To find correct deletions there are various algorithms. One method is to find the edit distance between the current bit set and each master pattern. The pattern with the minimum edit distance is the one to convert to. This method uses dynamic programming. Another method would be to do a tree search through the patterns using a set of rules to find the matching pattern.
I want to implement Karatsuba's 2-split multiplication in Python. However, writing numbers in the form
A=c*x+d
where x is a power of the base (let x=b^m) close to sqrt(A).
How am I supposed to find x, if I can't even use division and multiplication? Should I count the number of digits and shift A to the left by half the number of digits?
Thanks.
Almost. You don't shift A by half the number of digits; you shift 1. Of course, this is only efficient if the base is a power of 2, since "shifting" in base 10 (for example) has to be done with multiplications. (Edit: well, ok, you can multiply with shifts and additions. But it's ever so much simpler with a power of 2.)
If you're using Python 3.1 or greater, counting the bits is easy, because 3.1 introduced the int.bit_length() method. For other versions of Python, you can count the bits by copying A and shifting it right until it's 0. This can be done in O(log N) time (N = # of digits) with a sort of binary search method - shift by many bits, if it's 0 then that was too many, etc.
You already accepted an answer since I started writing this, but:
What Tom said: in Python 3.x you can get n = int.bit_length() directly.

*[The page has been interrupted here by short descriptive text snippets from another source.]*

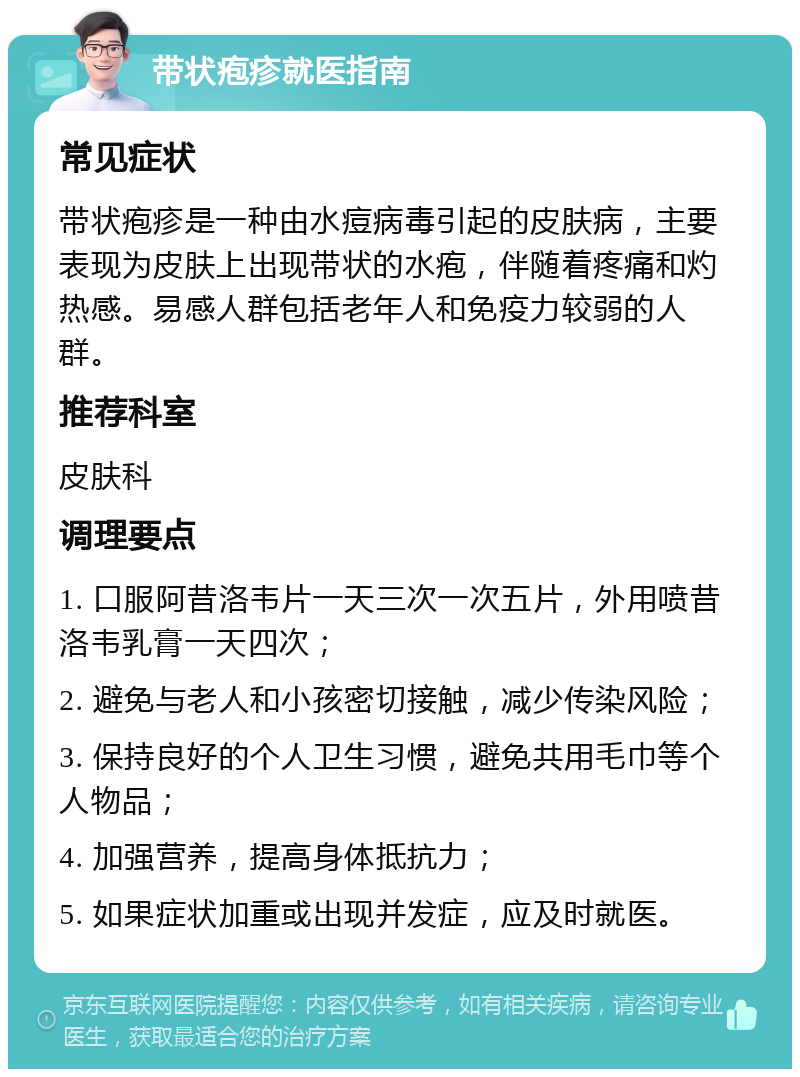 带状疱疹就医指南 常见症状 带状疱疹是一种由水痘病毒引起的皮肤病，主要表现为皮肤上出现带状的水疱，伴随着疼痛和灼热感。易感人群包括老年人和免疫力较弱的人群。 推荐科室 皮肤科 调理要点 1. 口服阿昔洛韦片一天三次一次五片，外用喷昔洛韦乳膏一天四次； 2. 避免与老人和小孩密切接触，减少传染风险； 3. 保持良好的个人卫生习惯，避免共用毛巾等个人物品； 4. 加强营养，提高身体抵抗力； 5. 如果症状加重或出现并发症，应及时就医。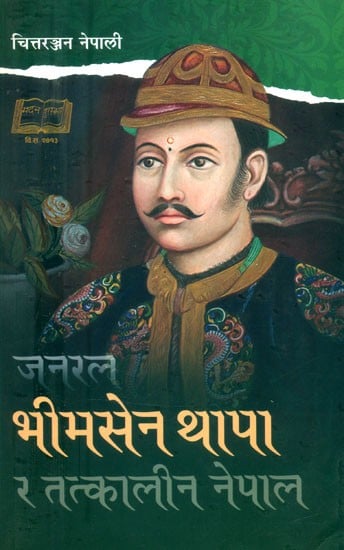 जनरल भीमसेन थापा र तत्कालीन नेपाल- General Bhimsen Thapa and Nepal at That Time (Nepali)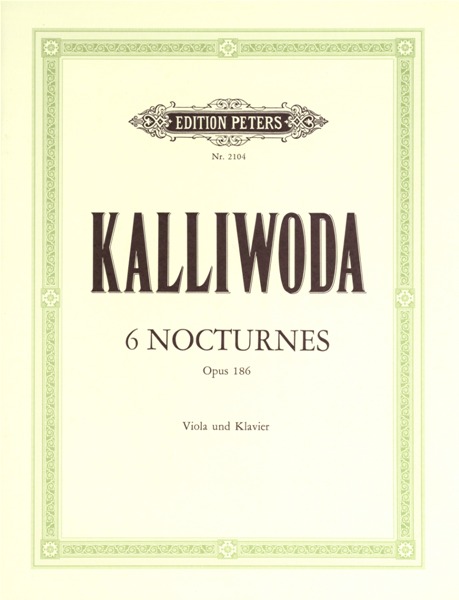 EDITION PETERS KALLIWODA JOHANN WENZEL - 6 NOCTURNES OP.186 - VIOLA AND PIANO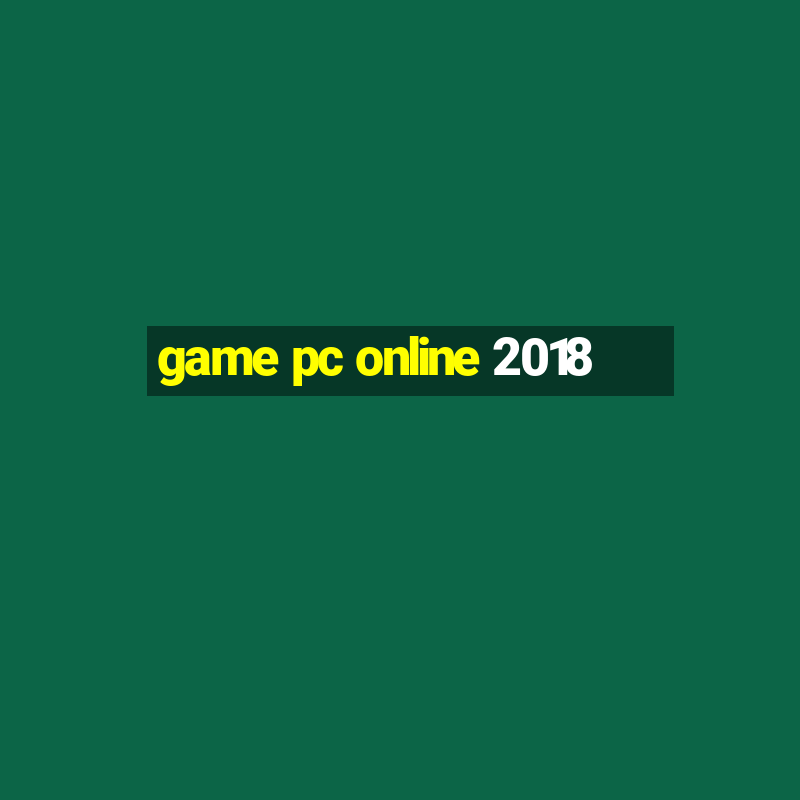 game pc online 2018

In Python 2.x you get n in O(log2(A)) time by binary-search, like below.
Here is (2.x) code that calculates both. Let the base-2 exponent of x be n, i.e. x = 2**n.

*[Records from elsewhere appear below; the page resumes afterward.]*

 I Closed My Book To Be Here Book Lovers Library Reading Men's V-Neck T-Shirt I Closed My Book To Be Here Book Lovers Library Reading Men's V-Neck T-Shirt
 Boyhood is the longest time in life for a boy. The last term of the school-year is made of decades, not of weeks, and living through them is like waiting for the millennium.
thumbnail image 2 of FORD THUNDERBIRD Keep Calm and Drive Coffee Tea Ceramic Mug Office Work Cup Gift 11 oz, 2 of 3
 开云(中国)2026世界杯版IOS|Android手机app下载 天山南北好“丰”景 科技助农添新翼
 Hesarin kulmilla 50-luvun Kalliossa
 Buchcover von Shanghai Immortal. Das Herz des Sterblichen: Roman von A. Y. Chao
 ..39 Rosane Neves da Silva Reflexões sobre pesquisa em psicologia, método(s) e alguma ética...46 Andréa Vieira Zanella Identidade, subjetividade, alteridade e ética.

First we get n by binary-search by shifting. (Really we only needed n/2, so that's one unnecessary last iteration).
Then when we know n, getting x,c,d is easy (still no using division)
def karatsuba_form(A,n=32):
"""Binary-search for Karatsuba form using binary shifts"""

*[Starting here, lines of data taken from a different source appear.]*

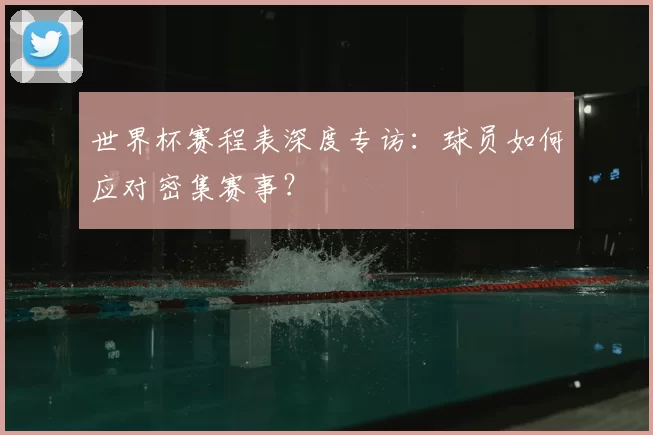 世界杯赛程表深度专访：球员如何应对密集赛事？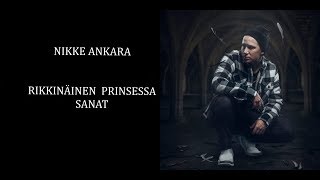 Nikke Ankara  Rikkinäinen Prinsessa Sanat [upl. by Barbette]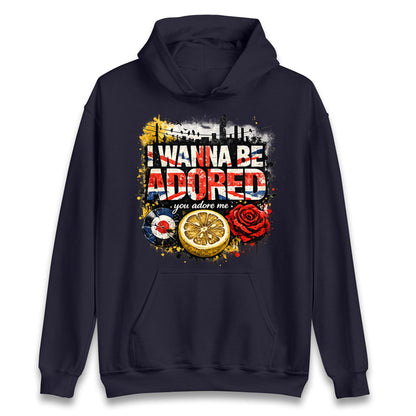 I Wanna Be Adored Hoodie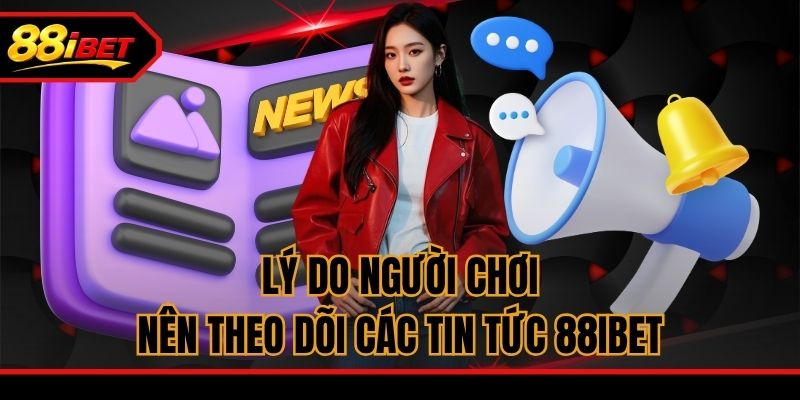 Lý do người chơi nên theo dõi các tin tức 88ibet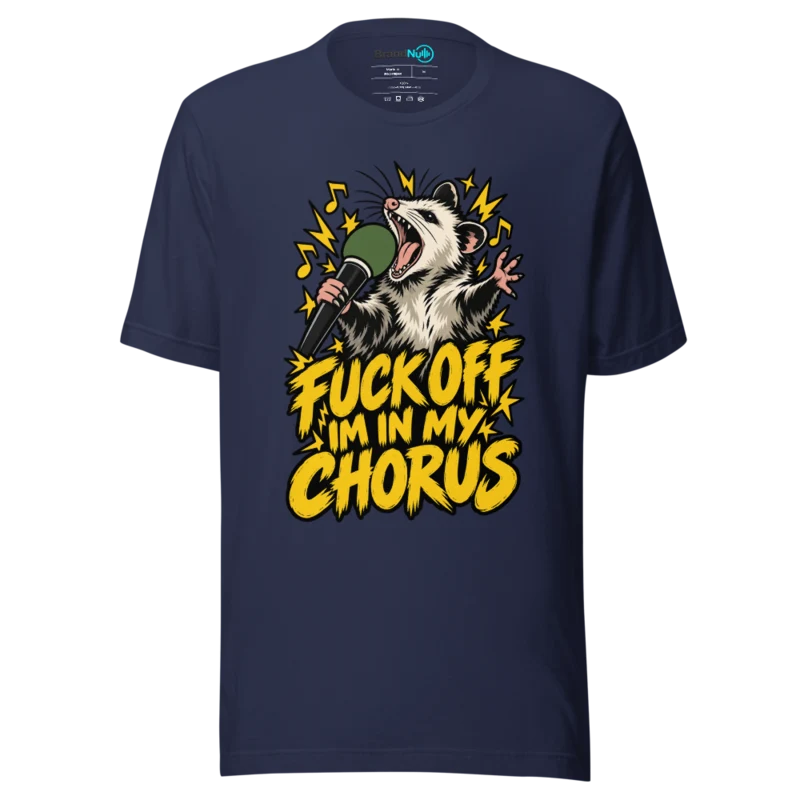 FUCK OFF IM IN MY CHORUS T Shirt - Navy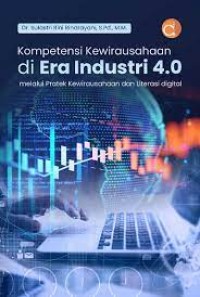 Kompetensi Kewirausahaan di Era Industri 4.0 Melalui Praktek Kewirausahaan dan Literasi Digital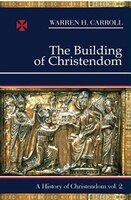 The Building Of Christendom, 324-1100: A History Of Christendom (vol. 2)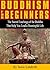 Buddhism for Beginners: The Sacred Teachings of the Buddha That Help You Lead a Meaningful Life (Buddhism for Beginners, Buddhism Books, Buddhism without ... for Seekers, Eightfold Path Book 3)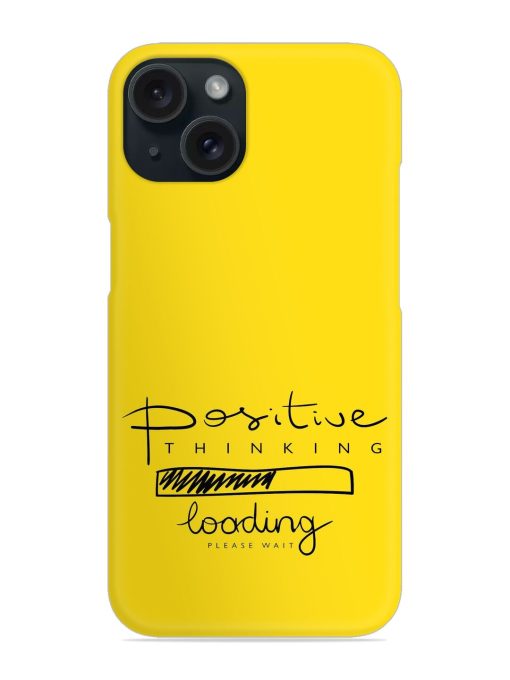 Positive Thinking Concept Snap Case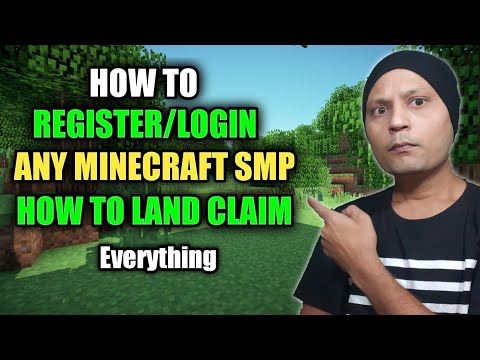 HOW TO REGISTER LOGIN RESET PASSWORD ANY MINECRAFT SMP / HOW TO CLAIM LAND IN MINECRAFT EVERYTHING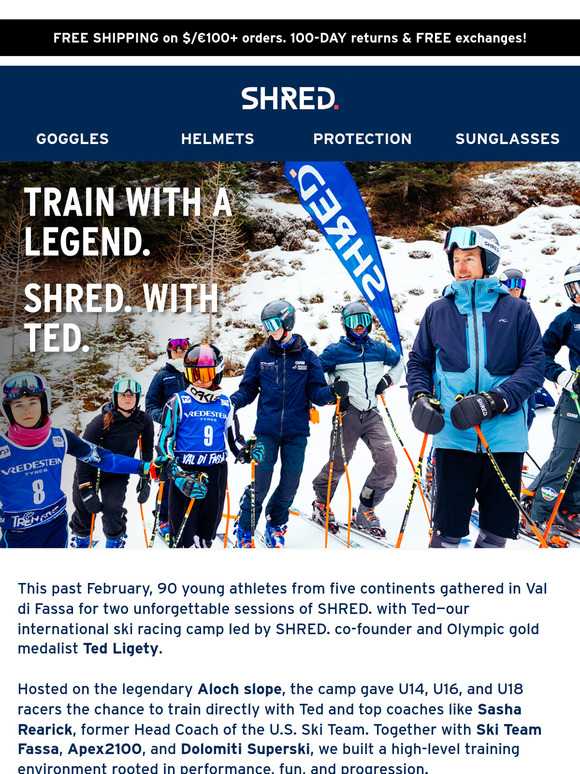 Relive SHRED. with Ted—90 Racers. 5 Continents. 1 Epic Camp.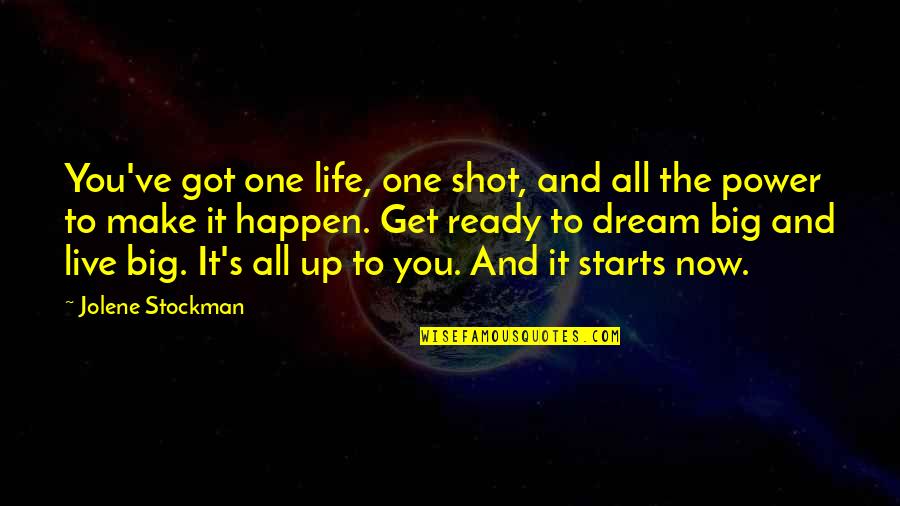 Live It Now Quotes By Jolene Stockman: You've got one life, one shot, and all Live It Now Quotes By Jolene Stockman: You've got one life, one shot, and all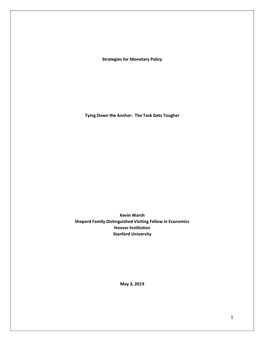 1 Strategies for Monetary Policy Tying Down the Anchor: the Task Gets Tougher Kevin Warsh Shepard Family Distinguished Visitin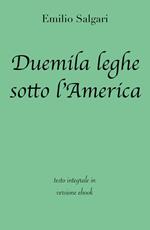 Duemila leghe sotto l'America. Ediz. integrale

# First search for n ~ log2(A)
step = n >> 1
while step>0:
c = A >> n
print 'n=%2d step=%2d -> c=%d' % (n,step,c)
if c:
n += step
else:
n -= step
# More concisely, could say: n = (n+step) if c else (n-step)
step >>= 1
# Then take x = 2^(n/2) ˜ sqrt(A)
ndiv2 = n/2
# Find Karatsuba form
c = (A >> ndiv2)
x = (1 << ndiv2)
d = A - (c << ndiv2)
return (x,c,d)
Your question is already answered in the article to which you referred: "Karatsuba's basic step works for any base B and any m, but the recursive algorithm is most efficient when m is equal to n/2, rounded up" ... n being the number of digits, and 0 <= value_of_digit < B.
Some perspective that might help:
You are allowed (and required!) to use elementary operations like number_of_digits // 2 and divmod(digit_x * digit_x, B) ... in school arithmetic, where B is 10, you are required (for example) to know that divmod(9 * 8, 10) produces (7, 2).
When implementing large number arithmetic on a computer, it is usual to make B the largest power of 2 that will support the elementary multiplication operation conveniently. For example in the CPython implementation on a 32-bit machine, B is chosen to to be 2 ** 15 (i.e. 32768), because then product = digit_x * digit_y; hi = product >> 15; lo = product & 0x7FFF; works without overflow and without concern about a sign bit.
I'm not sure what you are trying to achieve with an implementation in Python that uses B == 2, with numbers represented by Python ints, whose implementation in C already uses the Karatsuba algorithm for multiplying numbers that are large enough to make it worthwhile. It can't be speed.
As a learning exercise, you might like to try representing a number as a list of digits, with the base B being an input parameter.